Today feels really productive. I cut down the okumi, overlap panels, cut open the migoro, body panels, and pinned everything together.

White fabric lays across a wooden table. The outside edges of the fabric are each studded with pink-headed straight pine.

Stitching the okumi on to the migoro is progressing nicely, and I’ll likely finish before I go to bed. That should probably read I won’t go to bed until I finish.

I’ve been thinking about all the kosode I’ve made. This one is almost the same, but so far, the differences are immense.

The fabric choice. I’ve made kosode from multiple weights of cotton and linen.

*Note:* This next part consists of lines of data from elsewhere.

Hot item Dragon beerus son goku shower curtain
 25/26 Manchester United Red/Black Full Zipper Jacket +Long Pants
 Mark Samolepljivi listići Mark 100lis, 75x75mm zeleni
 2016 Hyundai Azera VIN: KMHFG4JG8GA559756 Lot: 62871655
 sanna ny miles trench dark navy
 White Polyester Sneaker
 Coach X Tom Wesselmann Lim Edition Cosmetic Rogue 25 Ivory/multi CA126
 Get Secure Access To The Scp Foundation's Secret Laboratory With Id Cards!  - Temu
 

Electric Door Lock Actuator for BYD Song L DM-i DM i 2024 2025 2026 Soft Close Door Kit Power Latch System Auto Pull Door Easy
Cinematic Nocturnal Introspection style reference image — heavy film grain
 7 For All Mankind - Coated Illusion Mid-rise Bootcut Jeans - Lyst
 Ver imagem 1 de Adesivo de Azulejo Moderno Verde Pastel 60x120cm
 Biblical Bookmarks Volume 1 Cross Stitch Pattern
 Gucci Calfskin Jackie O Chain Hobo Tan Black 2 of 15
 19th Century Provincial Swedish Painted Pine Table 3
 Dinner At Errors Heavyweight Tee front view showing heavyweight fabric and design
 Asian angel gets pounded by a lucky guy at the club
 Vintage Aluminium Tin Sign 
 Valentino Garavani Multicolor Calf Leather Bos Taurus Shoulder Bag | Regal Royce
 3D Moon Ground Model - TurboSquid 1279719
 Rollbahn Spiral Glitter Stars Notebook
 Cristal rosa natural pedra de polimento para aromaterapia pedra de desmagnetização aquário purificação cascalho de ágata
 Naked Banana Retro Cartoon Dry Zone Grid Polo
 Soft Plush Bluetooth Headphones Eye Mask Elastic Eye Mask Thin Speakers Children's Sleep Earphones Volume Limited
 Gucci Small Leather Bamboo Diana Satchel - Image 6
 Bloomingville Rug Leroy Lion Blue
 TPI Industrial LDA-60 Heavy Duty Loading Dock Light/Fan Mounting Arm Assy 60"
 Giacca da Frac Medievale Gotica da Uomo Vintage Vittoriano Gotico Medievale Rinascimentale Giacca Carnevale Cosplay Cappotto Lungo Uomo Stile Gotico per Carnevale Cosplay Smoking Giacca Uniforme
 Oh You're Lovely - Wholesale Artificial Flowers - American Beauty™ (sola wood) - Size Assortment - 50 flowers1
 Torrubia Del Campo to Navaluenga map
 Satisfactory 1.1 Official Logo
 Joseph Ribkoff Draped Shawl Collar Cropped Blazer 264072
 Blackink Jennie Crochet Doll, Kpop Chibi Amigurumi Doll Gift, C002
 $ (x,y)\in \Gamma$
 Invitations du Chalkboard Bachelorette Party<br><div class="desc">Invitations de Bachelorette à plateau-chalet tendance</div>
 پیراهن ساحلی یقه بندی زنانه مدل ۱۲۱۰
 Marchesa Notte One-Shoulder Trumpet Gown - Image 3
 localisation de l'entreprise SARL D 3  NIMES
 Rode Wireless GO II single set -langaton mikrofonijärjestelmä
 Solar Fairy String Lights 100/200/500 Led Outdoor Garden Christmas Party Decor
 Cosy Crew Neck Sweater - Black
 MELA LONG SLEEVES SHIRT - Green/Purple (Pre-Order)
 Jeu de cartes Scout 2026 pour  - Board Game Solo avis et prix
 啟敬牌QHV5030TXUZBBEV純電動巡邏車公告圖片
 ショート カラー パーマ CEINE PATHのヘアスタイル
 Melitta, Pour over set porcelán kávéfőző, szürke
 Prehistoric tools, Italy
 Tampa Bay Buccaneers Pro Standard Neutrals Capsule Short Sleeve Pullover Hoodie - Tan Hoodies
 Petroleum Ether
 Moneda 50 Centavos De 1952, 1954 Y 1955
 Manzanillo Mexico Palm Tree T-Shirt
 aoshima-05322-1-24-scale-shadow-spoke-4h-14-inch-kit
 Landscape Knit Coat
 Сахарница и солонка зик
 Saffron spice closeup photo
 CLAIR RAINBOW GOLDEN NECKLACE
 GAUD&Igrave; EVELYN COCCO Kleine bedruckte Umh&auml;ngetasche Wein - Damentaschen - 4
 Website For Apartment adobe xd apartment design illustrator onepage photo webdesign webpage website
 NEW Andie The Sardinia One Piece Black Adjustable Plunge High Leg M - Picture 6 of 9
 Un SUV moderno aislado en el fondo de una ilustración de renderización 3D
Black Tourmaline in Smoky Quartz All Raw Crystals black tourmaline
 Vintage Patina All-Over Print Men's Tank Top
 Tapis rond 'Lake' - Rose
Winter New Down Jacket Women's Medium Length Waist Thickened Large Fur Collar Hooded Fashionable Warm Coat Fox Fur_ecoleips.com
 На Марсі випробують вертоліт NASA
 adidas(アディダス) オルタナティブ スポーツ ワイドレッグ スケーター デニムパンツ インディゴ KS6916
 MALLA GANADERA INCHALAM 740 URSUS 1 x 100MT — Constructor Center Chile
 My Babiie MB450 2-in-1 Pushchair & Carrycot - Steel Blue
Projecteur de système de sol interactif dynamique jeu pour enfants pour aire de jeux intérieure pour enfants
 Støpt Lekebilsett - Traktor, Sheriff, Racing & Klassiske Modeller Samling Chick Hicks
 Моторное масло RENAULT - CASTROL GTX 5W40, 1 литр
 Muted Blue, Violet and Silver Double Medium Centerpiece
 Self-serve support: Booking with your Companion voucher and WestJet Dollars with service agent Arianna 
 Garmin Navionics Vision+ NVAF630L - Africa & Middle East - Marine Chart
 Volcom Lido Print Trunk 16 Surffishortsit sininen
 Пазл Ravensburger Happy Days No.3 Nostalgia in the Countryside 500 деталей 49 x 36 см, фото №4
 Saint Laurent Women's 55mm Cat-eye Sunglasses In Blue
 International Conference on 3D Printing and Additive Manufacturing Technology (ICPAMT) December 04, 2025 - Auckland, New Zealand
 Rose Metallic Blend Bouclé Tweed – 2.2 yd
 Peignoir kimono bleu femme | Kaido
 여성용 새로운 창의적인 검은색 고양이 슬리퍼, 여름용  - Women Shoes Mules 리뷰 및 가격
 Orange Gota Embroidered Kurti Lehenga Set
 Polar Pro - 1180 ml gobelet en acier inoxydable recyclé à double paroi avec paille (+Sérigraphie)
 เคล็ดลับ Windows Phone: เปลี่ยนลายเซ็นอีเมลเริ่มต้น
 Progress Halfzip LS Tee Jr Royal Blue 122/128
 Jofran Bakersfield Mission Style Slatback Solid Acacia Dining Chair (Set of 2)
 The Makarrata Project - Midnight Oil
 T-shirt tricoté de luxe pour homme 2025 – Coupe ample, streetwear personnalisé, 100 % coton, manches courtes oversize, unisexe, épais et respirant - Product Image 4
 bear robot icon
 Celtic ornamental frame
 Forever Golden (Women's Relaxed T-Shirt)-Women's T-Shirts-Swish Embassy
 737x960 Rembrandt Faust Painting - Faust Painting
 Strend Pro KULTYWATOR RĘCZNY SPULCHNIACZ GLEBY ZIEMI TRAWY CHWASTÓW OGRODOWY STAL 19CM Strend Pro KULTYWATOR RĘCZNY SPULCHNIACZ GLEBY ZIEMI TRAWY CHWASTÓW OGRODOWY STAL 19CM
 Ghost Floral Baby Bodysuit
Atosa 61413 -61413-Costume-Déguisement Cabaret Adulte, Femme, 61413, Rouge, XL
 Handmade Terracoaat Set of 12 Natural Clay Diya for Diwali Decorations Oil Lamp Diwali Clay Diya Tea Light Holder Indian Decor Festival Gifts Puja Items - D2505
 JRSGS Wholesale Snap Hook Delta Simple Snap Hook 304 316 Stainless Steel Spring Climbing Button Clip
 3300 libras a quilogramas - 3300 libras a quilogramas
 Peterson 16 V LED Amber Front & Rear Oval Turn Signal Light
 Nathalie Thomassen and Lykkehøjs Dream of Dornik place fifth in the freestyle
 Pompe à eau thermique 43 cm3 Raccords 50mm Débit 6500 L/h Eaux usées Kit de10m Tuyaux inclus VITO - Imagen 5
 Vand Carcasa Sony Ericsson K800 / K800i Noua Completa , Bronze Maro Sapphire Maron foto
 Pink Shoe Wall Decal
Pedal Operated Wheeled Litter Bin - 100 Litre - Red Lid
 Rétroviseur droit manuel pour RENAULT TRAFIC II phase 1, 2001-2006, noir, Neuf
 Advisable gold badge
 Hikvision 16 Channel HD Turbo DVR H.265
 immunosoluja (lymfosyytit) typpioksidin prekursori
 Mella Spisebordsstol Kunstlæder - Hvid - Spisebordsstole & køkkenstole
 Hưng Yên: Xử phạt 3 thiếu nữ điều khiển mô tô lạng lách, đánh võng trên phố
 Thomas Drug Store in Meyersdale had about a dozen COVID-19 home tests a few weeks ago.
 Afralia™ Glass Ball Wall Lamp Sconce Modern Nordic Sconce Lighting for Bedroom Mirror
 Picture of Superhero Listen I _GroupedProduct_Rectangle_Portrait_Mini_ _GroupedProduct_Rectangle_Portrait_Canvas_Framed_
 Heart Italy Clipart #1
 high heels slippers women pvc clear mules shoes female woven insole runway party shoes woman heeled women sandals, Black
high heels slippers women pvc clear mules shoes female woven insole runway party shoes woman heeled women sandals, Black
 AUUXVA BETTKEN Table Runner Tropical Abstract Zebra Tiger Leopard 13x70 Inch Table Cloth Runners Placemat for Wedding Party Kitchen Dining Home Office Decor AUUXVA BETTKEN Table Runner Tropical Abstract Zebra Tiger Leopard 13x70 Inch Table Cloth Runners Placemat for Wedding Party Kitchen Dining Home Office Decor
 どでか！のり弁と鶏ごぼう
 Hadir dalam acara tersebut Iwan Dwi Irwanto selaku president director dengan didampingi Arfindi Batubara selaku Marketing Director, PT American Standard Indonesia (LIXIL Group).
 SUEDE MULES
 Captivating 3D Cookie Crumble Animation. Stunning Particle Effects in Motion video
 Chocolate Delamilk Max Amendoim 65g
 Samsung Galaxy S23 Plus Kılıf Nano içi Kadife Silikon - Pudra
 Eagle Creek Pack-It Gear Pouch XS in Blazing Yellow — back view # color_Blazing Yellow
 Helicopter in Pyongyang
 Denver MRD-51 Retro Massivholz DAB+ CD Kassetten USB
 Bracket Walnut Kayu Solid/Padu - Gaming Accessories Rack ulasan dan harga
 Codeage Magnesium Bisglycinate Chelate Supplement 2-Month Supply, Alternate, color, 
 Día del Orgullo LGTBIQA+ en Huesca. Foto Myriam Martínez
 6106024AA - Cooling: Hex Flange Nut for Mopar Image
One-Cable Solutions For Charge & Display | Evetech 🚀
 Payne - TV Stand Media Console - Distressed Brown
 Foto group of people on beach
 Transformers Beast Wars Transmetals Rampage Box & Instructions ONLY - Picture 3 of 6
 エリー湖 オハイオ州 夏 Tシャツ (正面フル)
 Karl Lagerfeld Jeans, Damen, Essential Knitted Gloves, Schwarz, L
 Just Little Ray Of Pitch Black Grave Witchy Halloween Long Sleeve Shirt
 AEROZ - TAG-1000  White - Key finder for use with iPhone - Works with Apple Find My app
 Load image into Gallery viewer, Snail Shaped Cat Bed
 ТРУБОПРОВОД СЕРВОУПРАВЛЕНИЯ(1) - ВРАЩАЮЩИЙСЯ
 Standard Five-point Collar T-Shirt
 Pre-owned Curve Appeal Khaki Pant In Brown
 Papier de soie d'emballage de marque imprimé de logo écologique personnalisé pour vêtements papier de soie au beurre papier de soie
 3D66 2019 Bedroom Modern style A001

Nothing compares to how fine working with the silk is. I’m sitting with the majority of the garment in my lap while stitching and it’s just so light and folds down so small.

Stitching. It is taking eons longer to sew by hand than it did by machine. My seams are just as straight. The machine has more precision in stitch length. But my little running stitches don’t randomly produce bobbin vomit (this is when the bottom or bobbin thread on the machine gets loopy and becomes this awful mass of thread). I’m also enjoying sewing by hand for the sheer lack of noise. Sewing machines are loud. Tension is a toss up between the two.

A different take / On a tune I heard before / Once upon a time / Meter and rhyme – changed, but / This feeling has the same score.